Which has the buffer? The input or the output?
- In TCP, the sender stalls if the receiver stops acking.
- In a Ruby SizedQueue, the sender stalls (SizedQueue#push) if receiver stops popping.
In both cases above, inaction by the receiver causes the sender to stall. This is nice because throttling requires no negotiation.
Further, stall behavior can be modified simply by writing a filter that changes its behavior when a stall is detected. For example, instead of blocking the pipeline, a stall-managing filter could choose to drop messages so as to unblock upstream stations.
- Every station can run a tunable number of workers.
- Input rationale: For slow consumers like bunny/amqp, logstash users have observed that 4 amqp inputs work faster than 1 amqp input, even with prefetch >100
- Filter rationale: CPU-intensive filters like parsers benefit from parallelization
- Output rationale: Same for inputs. Slow-in-code outputs can often mitigated simply by running more of those slow things.

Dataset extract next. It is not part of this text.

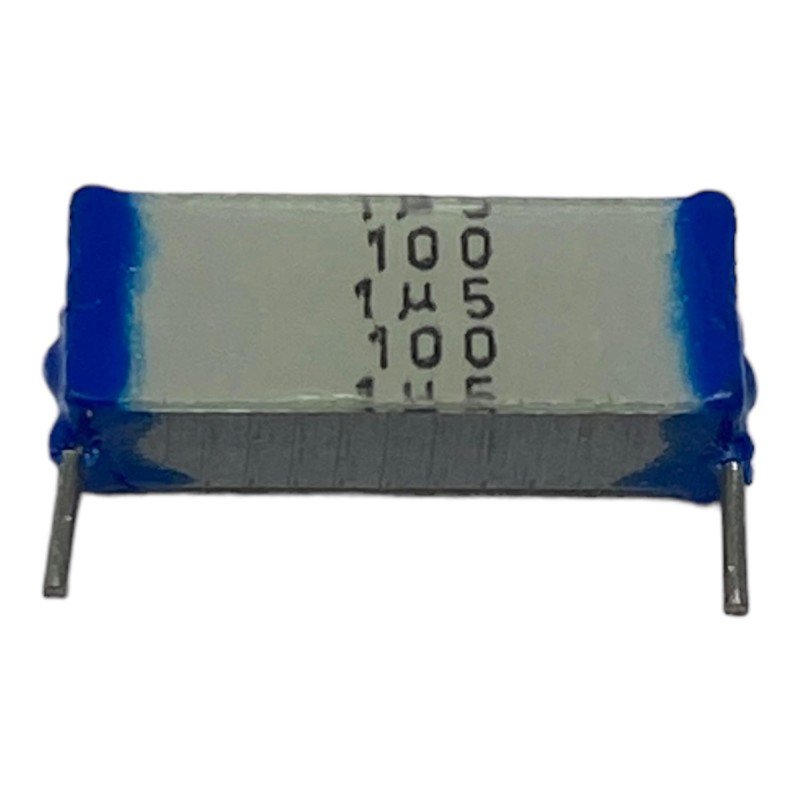 1.5uF 100V Radial Film Capacitor 16x6.5mm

- A worker is one process/thread.
Currently logstash implements all filters in a single worker thread. This causes order problems when using the multiline filter. If instead each filter could have a tunable number of workers, we could leave multline at 1 worker and use 10 for grok and date processing.
When introducing parallelism, the order of messages will be lost without care. This can matter in cases like with logstash's multline filter. In general, this may not be an issue.
In this scenario, station plumbing is considered only for in-process communication. External plumbing is trivially achieved by implementing networked inputs and outputs.
- Is Ruby's SizedQueue fast enough? How do MRI and JRuby's SizedQueue implementation performances vary?
- File descriptors require syscalls to ship messages, probably not good at high performance.
- worker count
- metrics
- ordered list of stations